Dear Evan:
On Thu, 11 Nov 2004 11:24:24 -0700 (MST), you wrote:
Not knowing a lot of economics, I can see that putting one's money in a socially conscious fund (as I did when I had more $) is better than putting it in a local bank, but isn't local better than multinational?
Evan
It all depends on what you mean by "better".
Putting money into a local bank puts a very few dollars profit into that local bank.
For instance, putting $100,000 into an honest-to-god local bank in the form of a CD means that the bank will make money on the spread between the CD and the investments it makes less the cost of bricks, mortar, and salary.
OK, Evan, look at it from the bank's point of view.

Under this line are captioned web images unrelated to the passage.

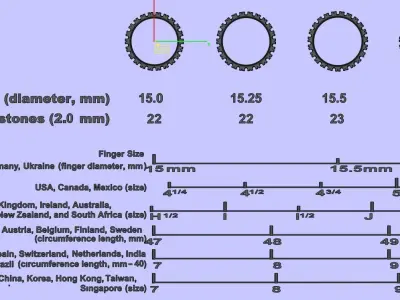 Eternity diamond ring 2 mm gems set 3D print model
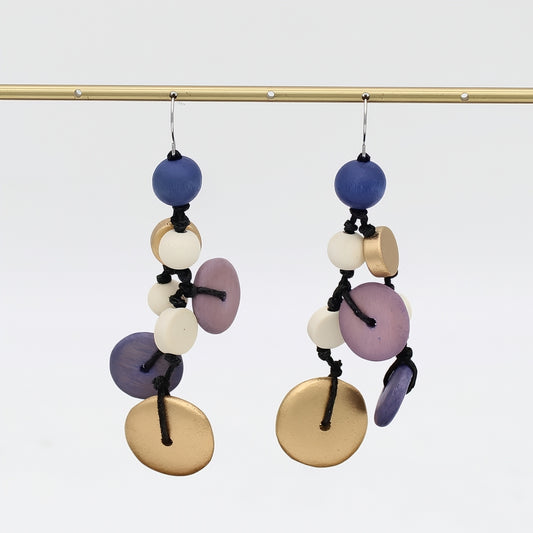 Purple Juliette Drop Statement Earrings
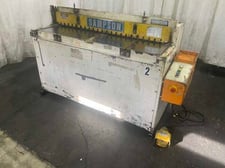 14 gauge x 4.4' Sampson #LB414H, hydraulic squaring shear, 40" back gauge, 40 SPM, 3 HP, 2006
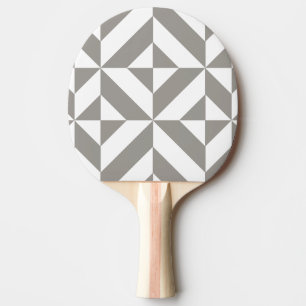 Silver Grey Geometric Deco Cube Pattern Ping Pong Paddle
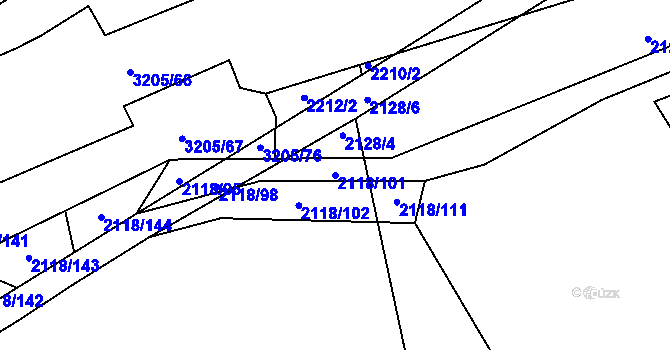 Parcela st. 2118/101 v KÚ Kylešovice, Katastrální mapa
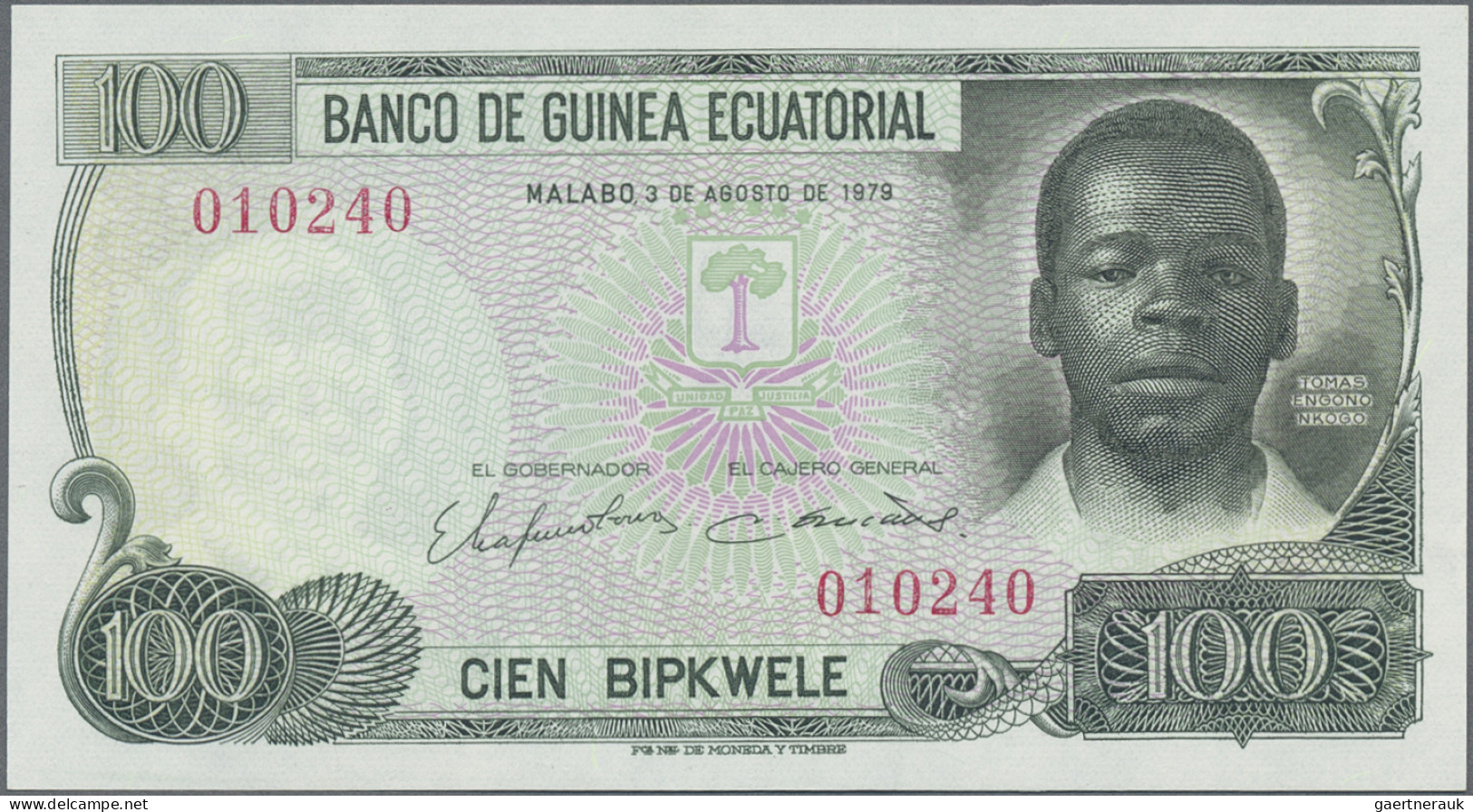 Equatorial Guinea: Banco De Guinea Ecuatorial, Lot With 4 Banknotes, Comprising - Equatoriaal-Guinea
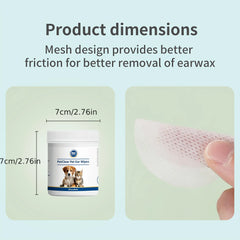 PetClaer 200PCS Natural Pet Ear Wipes, Double-Sided Design for Dogs Cats, Gentle Non-Irritating Ear Cleaning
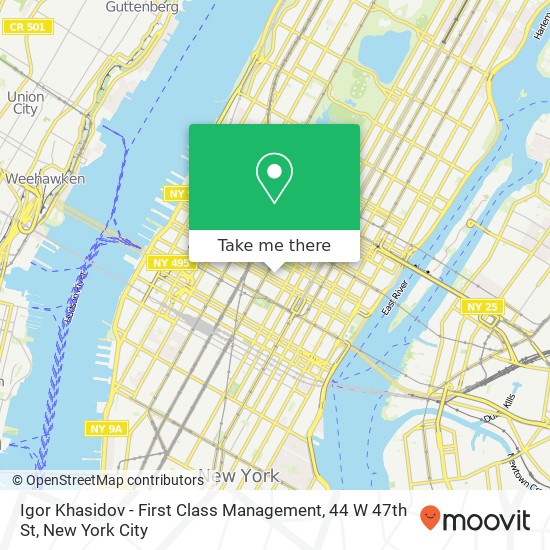 Mapa de Igor Khasidov - First Class Management, 44 W 47th St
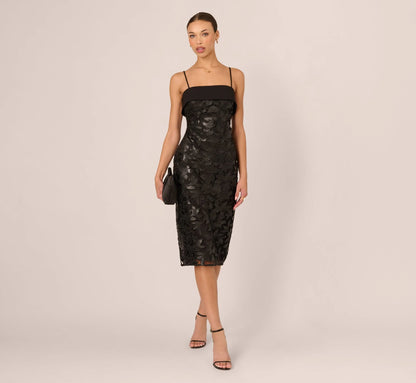 Faux Leather Cut Lace Midi Sheath Dress In Black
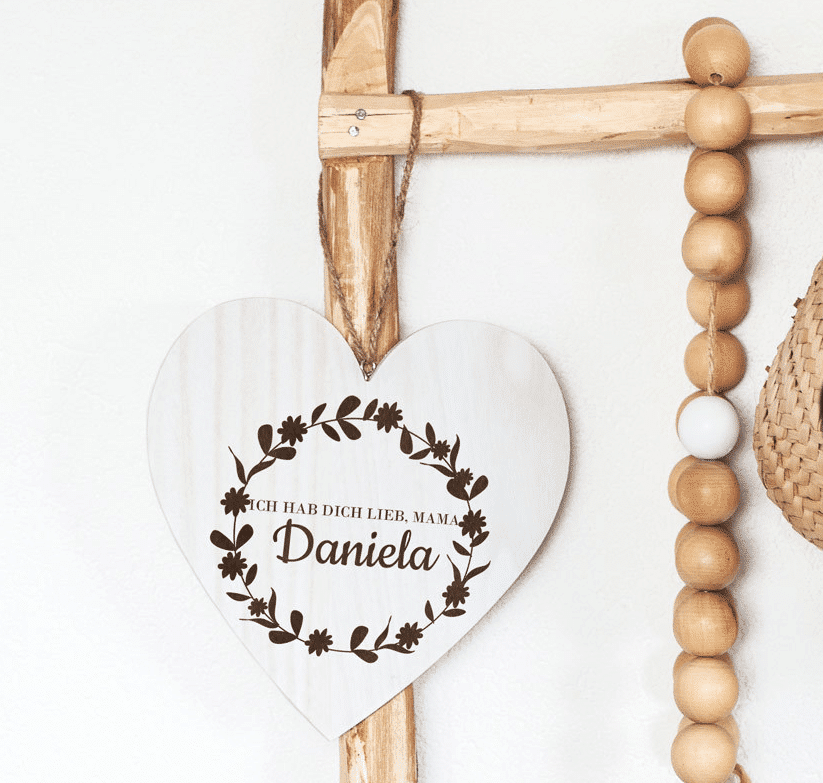 Holzherz mit Gravur - Muttertagsgeschenk Muttertagsgeschenk für Oma - Holzherz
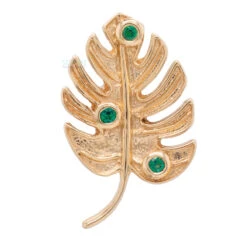 Monstera Leaf Threaded End In Gold With Rainforest Topaz' -Body Vision Los Angeles 41088 BVLABodyVisionMonsteraLeafFlatbackinGoldwithRainforestTopazSingleLeftCurveYellowGold2 ce274823 ddd0 4a0d bb06 638d351c6ce6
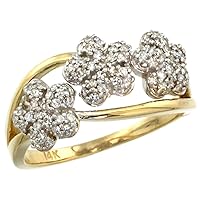 14k Yellow Gold Triple Flower Diamond Ring 0.50 cttw, 3/8 inch wide, size 7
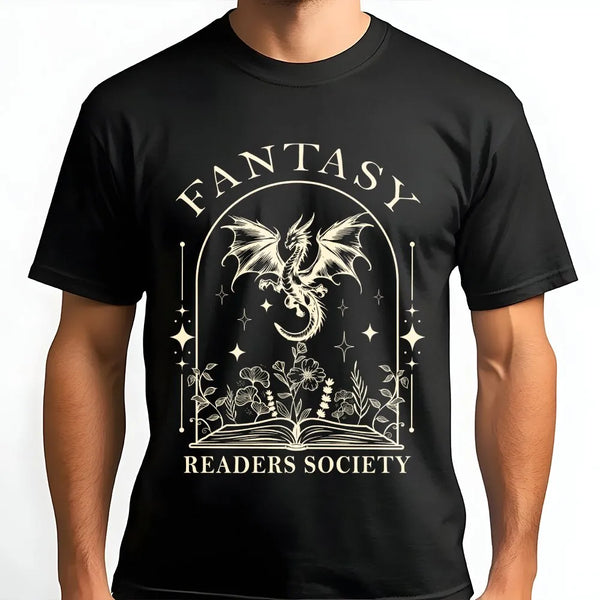 Fantasy Readers Society T-Shirt | Magical Dragon Book Art | Premium 100% Cotton Tee | Gift for Book Lovers and Fantasy Reader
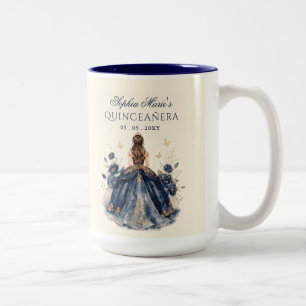 Tasse 2 Couleurs Couronne de Fleurs Papillon Navy Or Quinceañera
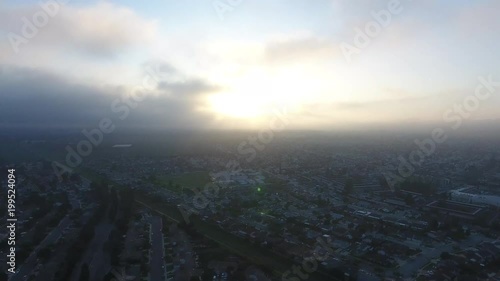 Southern California modern day neighborhood Aerial Flyover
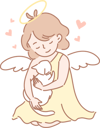 پیش‌نمایش فایل woman-with-angel-wings-hugs-her-rabbit-10693671 از پک کودکان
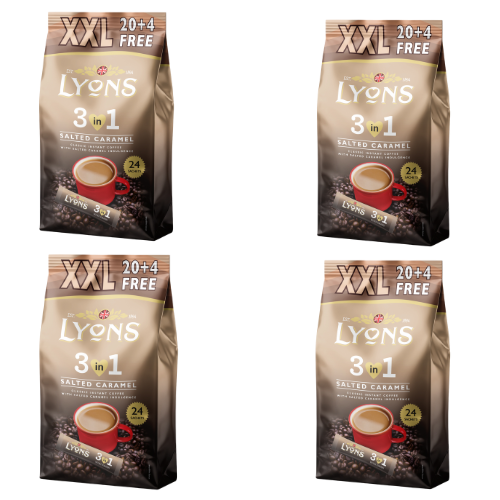 Lyons Salted Caramel 3 in 1 Instant Coffee Satchets 24 x 18g - 4 Packs Tesco Tesco 4 Packs
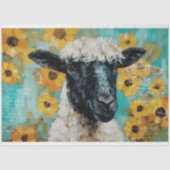 Vintage Schaap Rustieke Bloemendecoupage Tissuepapier (Voorkant)
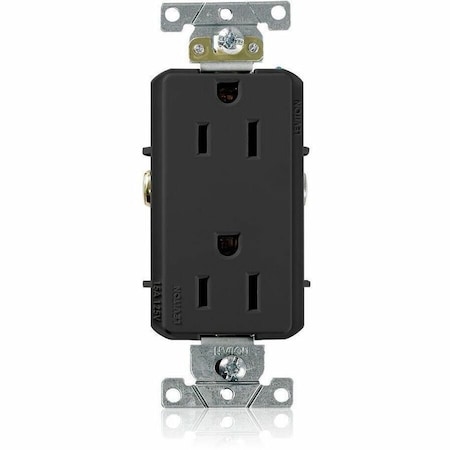 Leviton Plugs&Rcptcls, 15A, 125VAC, Blk, PBT, PK1 16252-E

Let's say that the local Boulder bank has the opportunity to make 5% investing in Cleveland or 3% investing in Boulder. Where is this money better invested?
Ceteris paribus, the economist would answer that it is better invested in Cleveland. Those without economic insight will argue it is better invested in Boulder.
But wait! That 2% spread between Cleveland and Boulder means that the bank *could* invest in better jobs in Boulder. Or, that 2% will be spent (maybe) in Boulder.
One simply cannot say what is "better." Those people willing to give 5% for the money in Cleveland certainly _want_ the money more than the people in Boulder. Assuming the risks are equal (which is part of what "ceteris paribus" means) the people in CLeveland are signaling to the economy that they can make more wealth than the people in Boulder.
That's going to make the people in Cleveland _and_ the people in Boulder richer. The people in Cleveland get working capital and the nice local bank in Boulder gets to make more money for its nice local people.
Now substitute "multinational bank" for "nice local bank" and nothing changes.
Money goes to where it is most wanted (most needed). In this way it creates wealth for everyone; whether it be Zimbabwe or Longmont.
If it goes to places where it is destructively used - for example, a bad polluter or a Ponzi scheme - then people and governments have the right and duty to step in and say "this shall not stand."
But even in the case of pollution, wisdom must be applied. Is it moral for us to apply our standards of cleanliness to those who are in desperate financial straights? Is it moral to say to a Third Worlder, "You can't pollute your river even a little even though it means your kid is going to starve."
These are fundamental issues that the human race needs to deal with. There are effective ways to deal with them and then there are the harebrained schemes - like the one you pointed out - that do nothing but make people spin their wheels completely ineffectually.
To me, those who propose such schemes are perpetrate (knowingly or not) true evil upon the world. They spread ignorance where there should be knowledge. Much worse, they waste the precious resources that this world has far too little of.
This is the real shame. This is what hurts people in both the long and short run.